«Retablo», recita il
dizionario, è «d'insieme di figure dipinte o scolpite,
rappresentante in successione lo svolgimento d'un fatto, d'una
storia». Appartiene quindi, la parola, alla sfera della pittura e
in questa sfera la sentii suggestivamente riproposta da Roberto Longhi
che, parlando di Antonello da Messina (il pittore che doveva ispirare
con un suo ritratto un altro mio racconto: Il sorriso dell'ignoto
marinaio), chiamava retablos le fiancate dipinte del carretto
siciliano. Ma scoprivo la parola caricata d'altro senso ancora
più suggestivo navigando per lo sconfinato mare, ricco
d'avventure e di miracoli, del Don Chisciotte di Cervantes: qui le
figure del retablo si sciolgono dalla loro fissità pittorica,
abbandonano la sacralità della rappresentazione e si mettono a
far teatrino profano, spettacolo popolare.
Don Miguel, il
grande
ironico, centrava poi il tema del retablo in un intermezzo teatrale, El
retablo de las meravillas: metafora dell'arte come illusione. Ma
illusione necessaria per fugare il sentimento della fugacità
della vita e del dolore. Siamo, come si vede, alla sorgente della
favola, del racconto: siamo a Shaharazàd che nelle Mille e una
notte racconta all'infinito per sfuggire alla morte. (…)
La parola retablo (parola
oscura e sonora, che forse ci viene dal latino retrotàbulum: il
senso, per me, dietro o oltre le parole, vale a dire la metafora) l'ho
assunta nelle varie accezioni: pittorica, shahrazadiana,
cervantesiana... E a Cervantes ho carpito anche i topoi della coppia e
del viaggio o della coppia in viaggio.
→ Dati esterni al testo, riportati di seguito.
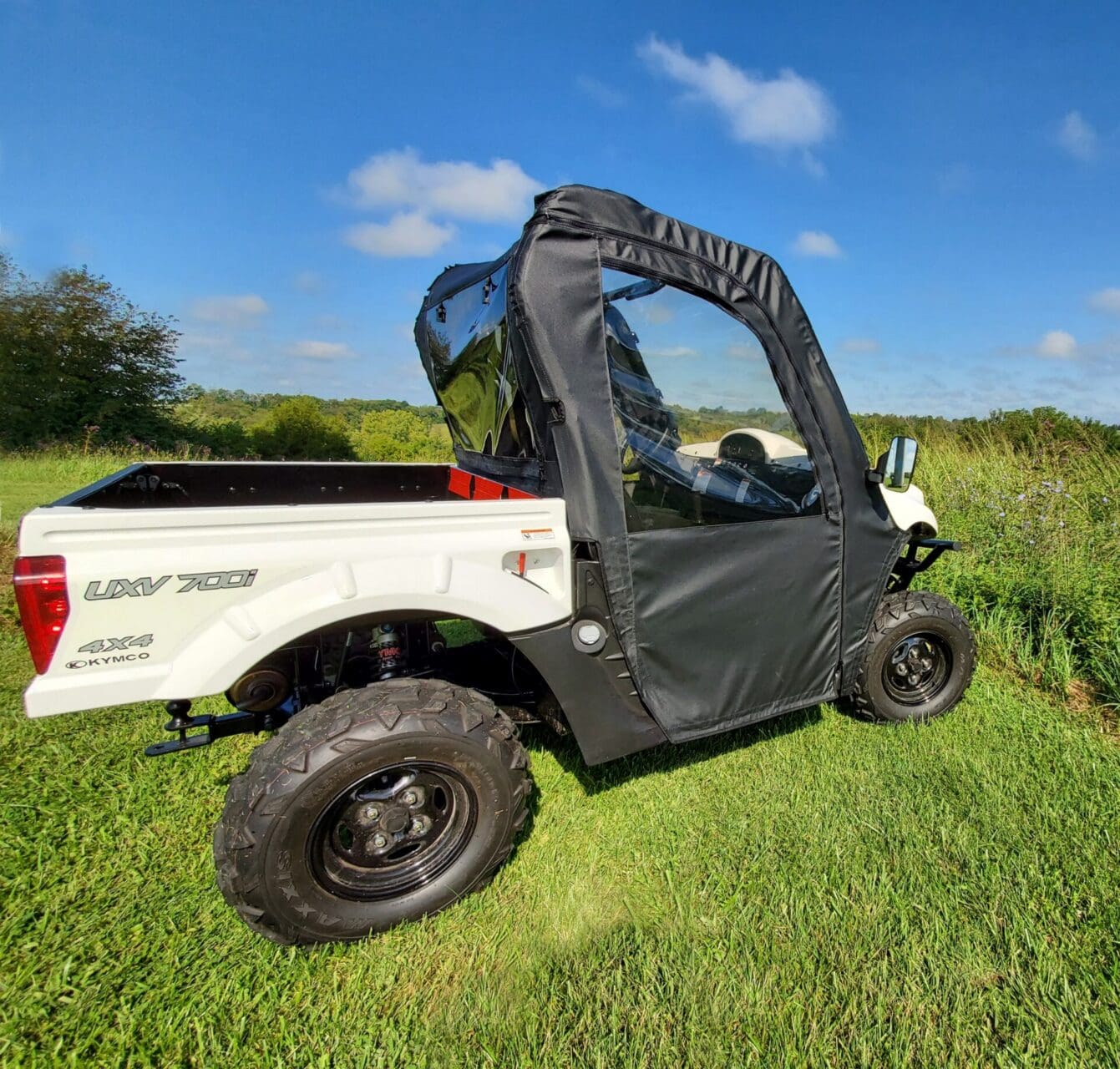 Utility vehicle with soft enclosure in field.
A Cervantes, ma anche a tutti i
viaggiatori del Settecento in Sicilia, fra cui, il più famoso,
Goethe. Nel mio Retablo i viaggiatori sono il pittore milanese Fabrizio
Clerici e il servitore palermitano Isidoro, l'uno che si specchia nella
follia amorosa dell'altro, nell'amore come passione, nell'amore come
dannazione per due donne sfuggenti, irraggiungibili: rispettivamente
per dona Teresa Blasco (che sposerà Cesare Beccaria) e per la
bellissima Rosalia (che avrà ricchezza e fama come cantante).
Retablo è un viaggio
nei luoghi "antichi" di Sicilia, un viaggio nel tempo e nella storia,
ma è anche un viaggio nella natura e nella cultura. E della
cultura, oltre che i resti archeologici di città come Segesta,
Selinunte, Mozia, fanno parte anche i resti linguistici: il racconto
è quindi anche un'esplorazione delle stratificazioni
linguistiche dell'Isola. È strutturato infine, Retablo, proprio
come un polittico: due portelli-racconto laterali e speculari (quelli
di lsidoro e Rosalia, che citano però anche un contrasto d'amore
della Scuola poetica siciliana); una pala centrale (il racconto-diario
di don Fabrizio); una predella (pagine di un racconto che fanno da
supporto a pagine di un altro racconto).
Vincenzo Consolo
Interpretare un romanzo,
un
romanzo come
Retablo, racconto di amori ad incastro, visione di visioni sovrapposte,
voci su voci, corpi concreti di parole concatenate in frasi di
polifonica fattura, ammaliante musicalità, è senza dubbio
una sfida di grande portata.
Eppure Retablo ci ha intrigato e ci stimola alla prova. Il nostro
spettacolo ha in fondo la semplice, spartana volontà di rendere
vivo in teatro un testo, un discorso, delle storie, le sue atmosfere
sonore, le sue visioni di sogni e realtà in continuo
inestricabile intreccio: un mondo che dalla pagina si tragga e plasmi
in un terso, appassionante cuntari, detto, suonato, agito, che arrivi
al pubblico come un dono di qualcosa o qualcuno, che appare per magia e
così come apparve, infine, per altra magia, scompaia. Lasciando
l’aria più tersa. Il pubblico partecipe di un sorriso, una punta
di nostalgia, il sottile brivido della bellezza.